Issue (i): Whether payments made by the company in liquidation after the commencement of winding-up were void and refundable to the official liquidator under section 536(2) of the Companies Act, 1956.
Analysis: The winding-up is deemed to commence from the date of presentation of the petition under section 441(2) of the Companies Act, 1956. Payments made thereafter towards a pre-existing debt were dispositions of the company's property after commencement of winding-up. Such payments offended the scheme of pari passu distribution and could not be treated as valid merely because they were made in discharge of a decree debt.
Conclusion: The payments were refundable to the official liquidator under section 536(2) of the Companies Act, 1956.
Issue (ii): Whether the society made out a case for validation of those payments under section 536(2) of the Companies Act, 1956.
Analysis: Validation under section 536(2) is confined to transactions that are bona fide and entered into in the ordinary course of the company's current trade or for the company's benefit.
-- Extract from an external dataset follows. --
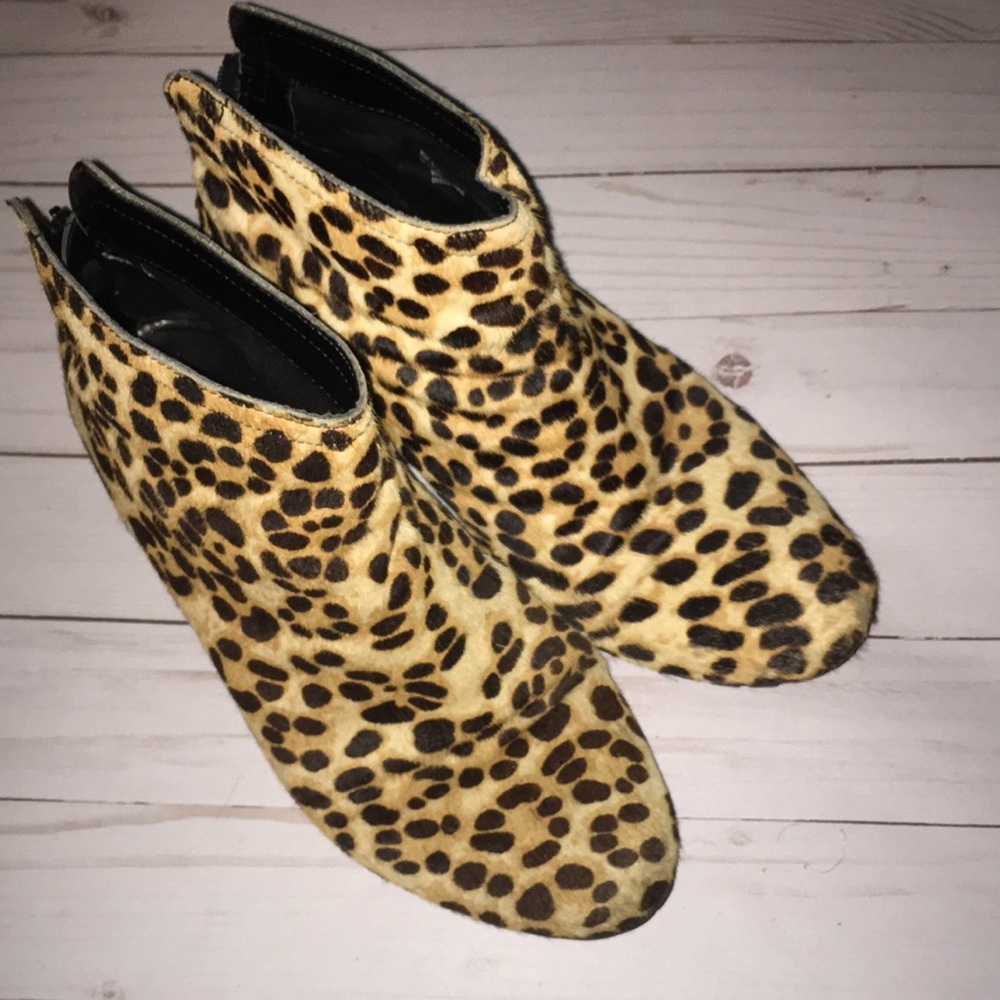 Leopard print round toe Kenneth Cole booties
Payments made after commencement of winding-up in discharge of earlier debts do not satisfy that standard and cannot be validated on the facts found.
Conclusion: The society failed to establish a case for validation of the payments.
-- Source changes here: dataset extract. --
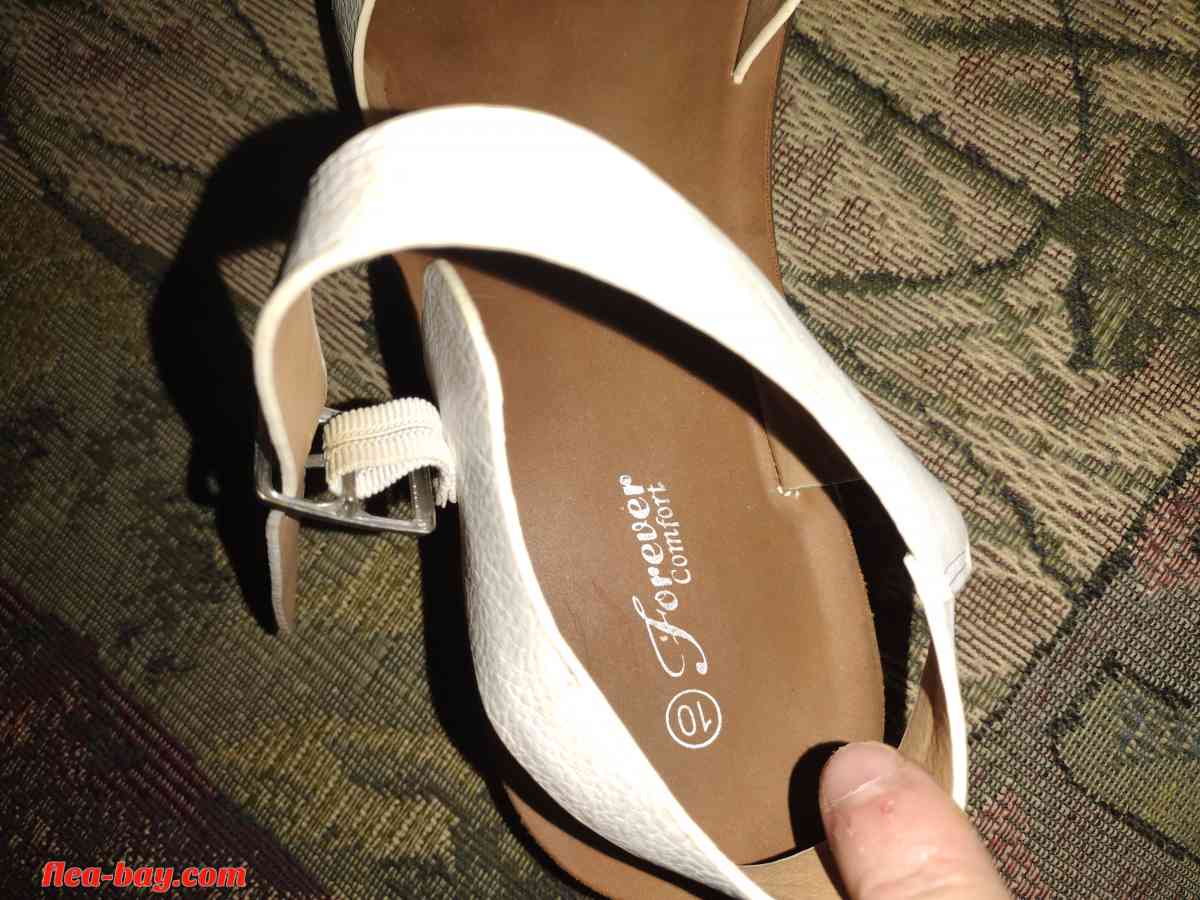 white sandals sz ten - Hemet, California - FleaMarketBay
Issue (iii): Whether the provisions of the Companies Act, 1956 were wholly inapplicable to a co-operative society by reason of section 61 of the Madras Co-operative Societies Act, 1932 and section 129 of the Andhra Pradesh Co-operative Societies Act, 1964.
Analysis: The exclusion of the Companies Act in the co-operative societies legislation was read as confined to matters of incorporation, regulation and winding-up of societies, and not as excluding the company court's jurisdiction over a company in liquidation. The legislative entries also supported that limited construction. Since the society itself was not in liquidation, the broader objection based on total inapplicability did not arise for decision in these applications.
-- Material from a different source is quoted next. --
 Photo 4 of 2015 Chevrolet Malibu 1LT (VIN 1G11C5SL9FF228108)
Conclusion: The Companies Act was not wholly inapplicable in the manner contended, and the objection to jurisdiction failed.
Final Conclusion: The official liquidator succeeded in recovering the post-petition payments, while the society's request for validation was rejected, resulting in a mixed disposal of the connected applications.
Ratio Decidendi: Payments made after commencement of winding-up in discharge of pre-existing debts are void unless validated, and validation is available only for bona fide transactions in the ordinary course of the company's current business; a co-operative societies statute excluding the Companies Act operates only in relation to the specified spheres of co-operative society law and does not exclude the company court's winding-up jurisdiction over a company in liquidation.